# varnishing unstained wood



## DesigningWoman (Oct 29, 2010)

Hello debd and congratulations on the remodeling. Your new mirrored closet doors sound like a beautiful upgrade. When I grew up, everything had to be stained and then finished dark. If it didn’t take time and labor, it really wasn’t “good.” Then I went through the “everything has to match” phase.

Lighter woods are more popular now. I am happy to tell you about some choices to finish your wood that will keep the light pine look and protect it for years to come. Minwax® (a brand that I am familiar with) has three products that offer one-step stain and finish. 

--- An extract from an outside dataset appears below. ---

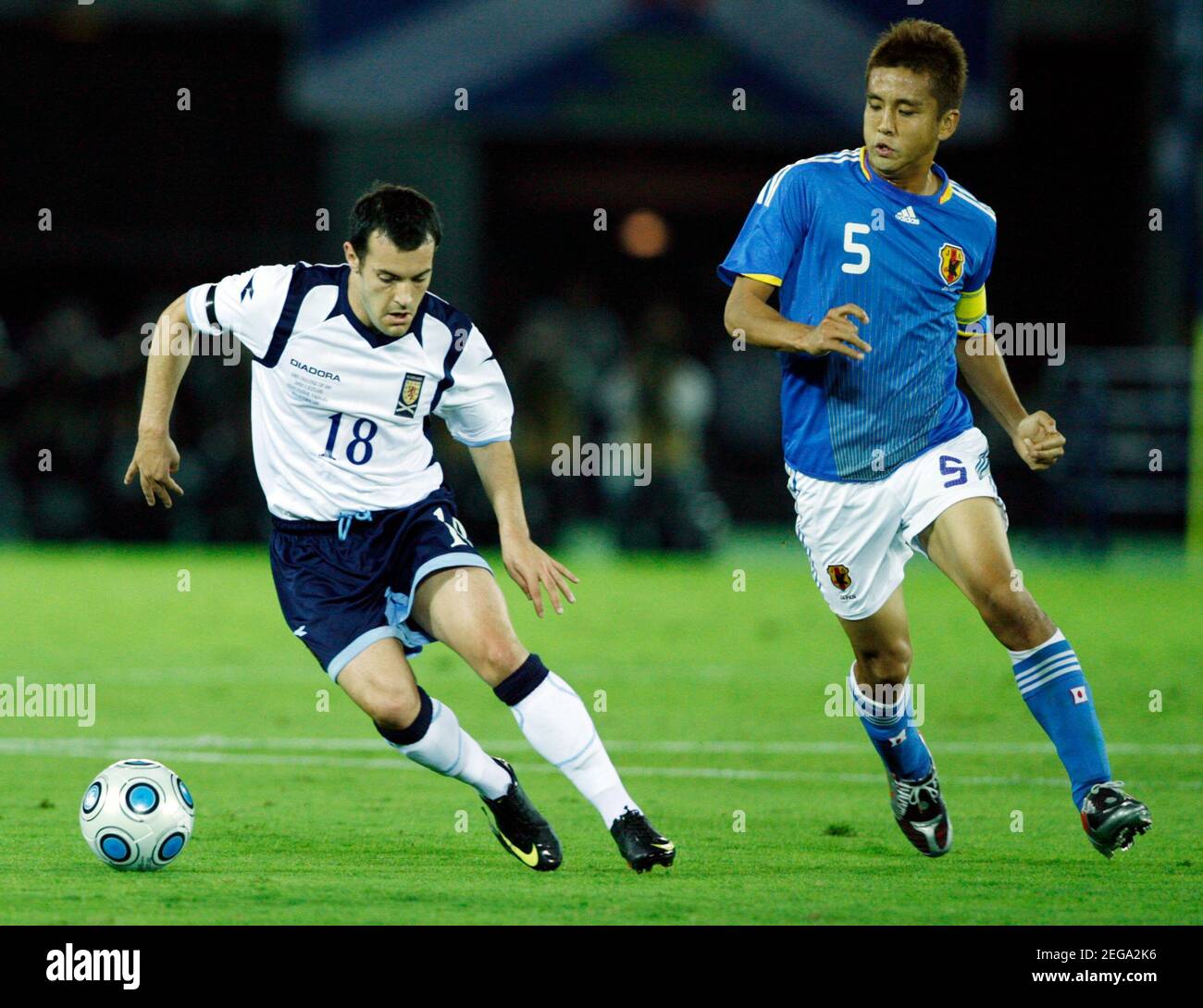 Football Japan V Scotland International Friendly Nissan Stadium Yokohama Japan 10 10 09 Junichi Inamoto R Japan In Action Against Ross Wallace Scotland Mandatory Credit Action Images Kiyoshi Ota Stock Photo Alamy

1 -Water Based WoodSheen® Rubbing Stain and Finish in *Natural* – dries in about an hour
2 -Polyshades® wood stain and polyurethane (in one) in *Honey Pine* (slightly warmer than a light pine) – also comes in a low VOC formula (therefore less odor)
3 -Express Color Wiping Stain & Finish in *Oak* (this is the “lightest” color in this finish) - water based, low odor, and fast drying

The website is www.minwax.com and they have more ideas for your project. 

Best wishes and please post photos so we can see how they turned out!


----------



## debd (Jul 16, 2008)

Thank you Designingwoman.
I went to the store today and your comments helped a lot.


----------